Myanmar’s military-controlled Foreign Ministry directive, dated February 26 and seen by the Financial Times, said the formation of groups such as the Committee representing the Pyidaungsu Hluttaw, or the parliament, formed by deputies dismissed in the coup d’état of February 1, were illegal.
“The ministry would therefore like to advise all diplomatic missions, specialized United Nations agencies and international organizations accredited to Myanmar to refrain from establishing contacts or communications with these illegal entities,” said the directive.
Regime’s warning to embassies came as representatives of Aung San Suu Kyi’s overthrown government solidified their drive for international recognition, amid violent crackdown military regime on anti-coup protesters.
During the weekend, the police stopped hundreds of people in Yangon and other towns in Myanmar and fired stun grenades, rubber bullets and tear gas at peaceful protesters, according to social media posts and local media.
Myanmar State Television reported on Saturday that Kyaw Moe Tun had been sacked as the country’s ambassador to the UN after denouncing the coup, publicly breaking with the junta and urging the world to support the CRPH in a speech to the general assembly.
“Clearly we don’t all want to go back to the system we were in before,” he said, raising three fingers at the end of his speech in a move popularized by democracy protesters in Myanmar and Thailand.
The CRPH was formed on February 5 by deputies from the National League for Democracy who managed to avoid arrest after Aung San Suu Kyi’s government was overthrown by General Min Aung Hlaing. The military commander declared a one-year state of emergency and vowed to revive an election won by the NLD after making unsubstantiated allegations of voter fraud.
Sa Sa, the UN envoy of the CRPH appointed last week, says the FT that the CRPH planned to form its own “interim government” in Myanmar in the coming weeks and seek recognition from the US, UK and UN.
The governments of Southeast Asia, led by Indonesia, are seeking to defuse the crisis and last week held talks in Bangkok with Wunna Maung Lwin, the junta’s foreign minister. The meeting infuriated NLD supporters and Aung San Suu Kyi, who is under arrest and facing criminal charges.
Popular sympathy for Myanmar’s protest movement has spread among democracy activists elsewhere in Asia, through an online “Milk Tea Alliance”, who called for mass protests in Bangkok and elsewhere on Sunday. In the region.

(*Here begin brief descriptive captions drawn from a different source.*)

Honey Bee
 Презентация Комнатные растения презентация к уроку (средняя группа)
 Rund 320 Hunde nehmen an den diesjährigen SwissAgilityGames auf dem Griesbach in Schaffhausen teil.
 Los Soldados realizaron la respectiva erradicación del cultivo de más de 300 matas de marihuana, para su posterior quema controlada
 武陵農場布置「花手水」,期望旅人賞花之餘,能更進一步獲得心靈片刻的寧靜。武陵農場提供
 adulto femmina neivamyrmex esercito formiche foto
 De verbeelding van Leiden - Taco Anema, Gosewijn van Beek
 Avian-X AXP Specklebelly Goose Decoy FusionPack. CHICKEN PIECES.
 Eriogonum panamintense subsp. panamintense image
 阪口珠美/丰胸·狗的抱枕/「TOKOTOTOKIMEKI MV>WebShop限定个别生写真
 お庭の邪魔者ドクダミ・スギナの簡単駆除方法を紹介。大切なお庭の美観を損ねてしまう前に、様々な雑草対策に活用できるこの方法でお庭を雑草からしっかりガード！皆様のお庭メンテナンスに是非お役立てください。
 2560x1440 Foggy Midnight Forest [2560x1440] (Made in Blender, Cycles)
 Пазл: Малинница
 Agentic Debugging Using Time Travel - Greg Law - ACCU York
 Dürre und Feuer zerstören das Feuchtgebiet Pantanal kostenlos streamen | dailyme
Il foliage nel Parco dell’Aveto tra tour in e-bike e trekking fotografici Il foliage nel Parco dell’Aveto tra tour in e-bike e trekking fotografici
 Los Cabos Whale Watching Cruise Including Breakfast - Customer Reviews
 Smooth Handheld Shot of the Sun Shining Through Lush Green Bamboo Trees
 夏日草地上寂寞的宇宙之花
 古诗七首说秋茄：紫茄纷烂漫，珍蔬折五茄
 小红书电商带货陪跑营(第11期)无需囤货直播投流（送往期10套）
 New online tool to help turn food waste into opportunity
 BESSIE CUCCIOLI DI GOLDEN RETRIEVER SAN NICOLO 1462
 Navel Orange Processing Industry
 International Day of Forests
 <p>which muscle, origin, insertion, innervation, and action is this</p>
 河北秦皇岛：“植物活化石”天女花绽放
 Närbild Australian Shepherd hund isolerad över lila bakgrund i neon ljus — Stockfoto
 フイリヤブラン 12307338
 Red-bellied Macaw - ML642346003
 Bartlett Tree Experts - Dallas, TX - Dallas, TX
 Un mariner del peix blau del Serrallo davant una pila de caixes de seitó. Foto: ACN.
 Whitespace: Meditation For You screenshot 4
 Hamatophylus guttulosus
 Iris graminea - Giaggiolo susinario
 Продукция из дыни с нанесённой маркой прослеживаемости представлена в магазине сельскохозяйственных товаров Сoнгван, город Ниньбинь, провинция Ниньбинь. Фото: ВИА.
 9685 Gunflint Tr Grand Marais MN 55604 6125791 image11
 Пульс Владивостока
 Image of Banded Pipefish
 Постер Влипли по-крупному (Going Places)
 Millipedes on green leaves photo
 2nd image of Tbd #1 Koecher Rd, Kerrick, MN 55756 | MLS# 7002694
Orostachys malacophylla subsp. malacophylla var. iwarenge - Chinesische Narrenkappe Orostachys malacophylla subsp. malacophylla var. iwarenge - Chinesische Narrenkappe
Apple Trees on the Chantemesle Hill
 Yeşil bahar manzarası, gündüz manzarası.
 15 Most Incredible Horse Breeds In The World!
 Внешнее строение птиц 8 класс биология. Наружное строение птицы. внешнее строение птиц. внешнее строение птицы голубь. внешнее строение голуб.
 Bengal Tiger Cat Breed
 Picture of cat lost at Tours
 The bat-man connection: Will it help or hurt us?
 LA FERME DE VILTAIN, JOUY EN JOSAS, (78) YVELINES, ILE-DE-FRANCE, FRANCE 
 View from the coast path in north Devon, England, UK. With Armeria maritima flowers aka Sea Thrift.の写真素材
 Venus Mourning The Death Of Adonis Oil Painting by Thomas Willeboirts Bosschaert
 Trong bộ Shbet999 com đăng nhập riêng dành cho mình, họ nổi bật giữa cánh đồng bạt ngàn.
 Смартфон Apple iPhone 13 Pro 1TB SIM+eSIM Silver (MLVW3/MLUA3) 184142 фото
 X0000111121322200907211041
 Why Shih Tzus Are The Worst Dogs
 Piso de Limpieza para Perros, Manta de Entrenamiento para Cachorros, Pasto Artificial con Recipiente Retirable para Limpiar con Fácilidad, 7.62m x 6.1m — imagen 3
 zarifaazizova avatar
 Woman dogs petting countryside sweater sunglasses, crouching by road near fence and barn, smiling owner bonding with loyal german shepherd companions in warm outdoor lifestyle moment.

On Saturday, Woodside, the Australian energy company, became the latest foreign investor to pull out of Myanmar, saying it “condemns human rights violations” and would demobilize its offshore exploration drilling crew there within weeks. to come up.
“Reports of violence against the Burmese people participating in peaceful protests are deeply distressing,” the company said. Woodside was blasted by human rights groups after its CEO Peter Coleman apparently rejected the coup and the company is reportedly pursuing a gas project in the country.